Currently, renewable energy comprises less than 3% of Pakistan’s total power generation fuel mix. However, the government is actively trying to promote the development of renewable energy, particularly the use of solar photovoltaics, small hydro, and wind facilities. The government is also exploring initiatives to improve the management of demand and supply in this market by introducing net metering, which would allow consumers to sell power back to the grid. However, while the concept is theoretically sound, Pakistan’s biggest challenge is the lack of adequate electricity transmission and distribution infrastructure to absorb large quantities of power from intermittent renewable energy sources such as wind and solar.

This article focuses on the economic case for renewable energy in Pakistan, discusses the financial barriers to the development of green energy projects, and outlines the policy instruments needed to unlock the potential of commercial banks to finance such projects. The second part of this paper provides an overview of the energy sector in Pakistan and the macroeconomic challenges it raises. In the third section we describe how the structure of the power market in Pakistan supports the financial viability and bankability of utility-scale renewable energy projects. In the fourth section we describe the challenges to developing new projects of hydro, wind, solar, and distributed energy (despite the favorable regulatory framework) that are specific to each source of energy, and finally in the fifth section we present some policy recommendations for increasing the share of renewable energy in Pakistan’s energy mix.


Pakistan has a structured and formalized energy sector, accessible to both local and international investors. Except for the transmission and distribution of electricity and gas, which are currently almost entirely owned by the government, most other energy sectors are open to private investment. The two main independent regulators overseeing the energy sector are the Oil and Gas Regulatory Authority (OGRA) and the National Electric Power Regulatory Authority (NEPRA). OGRA monitors pricing and the protection of consumer interests in the midstream and downstream petroleum sector, whilst NEPRA does the same in the generation, transmission, and distribution of electricity.


In this section we discuss the three major sources of green energy in Pakistan – hydropower, wind, and solar – and the unique challenges being faced by each source of energy prior to government approvals and the signing of power purchase agreements with the CPPA-G. The utility-scale projects either operate on a cost-plus tariff basis or the upfront tariff basis. In the cost-plus tariff case the electric power regulator, NEPRA, evaluates a project and its costs basis and determines a tailor-made, unique tariff for the project. In the upfront tariff (for a particular fuel type and size of project), NEPRA predetermines a fit-for-all tariff structure and invites projects to opt for it.

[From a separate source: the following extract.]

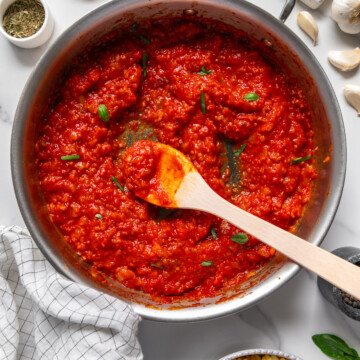 Homemade San Marzano tomato sauce in a saucepan with a white marble background.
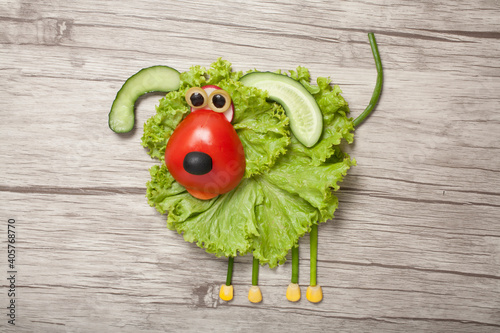 Funny vegetable dog made of salad, tomato, cucumber on wooden background. Fun food for kids. Cooking idea for children party.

Much of Pakistan, especially the regions of Balochistan, Sindh, and southern Punjab, receives abundant solar irradiation in the order of over 2 MWh/m2 and 3,000 hours of sunshine a year, which is at the highest end of global insulation averages (Alternative Energy Development Board 2006). However, currently, about 418 MW of utility-scale solar projects are in operation. The major challenges slowing the development of utility-scale solar power plants in Pakistan are:

Tariff Uncertainty: Projects awarded tariffs under the 2014 and 2015 solar upfront tariff determinations have been stalled, as international tariffs on solar have decreased sharply compared to the announced tariffs, which raised questions regarding the price discovery process of the regulator and subsequently necessitated that auctions/bids for the purchase of electricity from the private sector be introduced for solar as well. Hence, it is likely that those projects that hold development rights may not be allowed to proceed, which has impacted investor confidence. In addition, the issuance of letters of intent by the government has also been stalled since 2015 in anticipation of a reduction in tariffs as solar technologies mature and more lately due to surplus power in the system.

Land Identification: Land identification is one of the main hurdles for developers interested in investing in the Pakistani market. If a local partner who already has land access is not found, it may take some time to identify lands that are suitable for development. This is further hampered by a lack of public access to good digitalized maps (IFC 2016).

Transmission Bottlenecks: The grid interconnection approval process takes time in Pakistan and a number of applications are pending with the relevant government agency for solar projects. It is recommended that project developers initiate the approval process as soon as possible and work with the government transmission and distribution companies as well as local consultants to identify areas that are most suitable for evacuation of power and that do not require substantial construction of transmission lines (IFC 2016).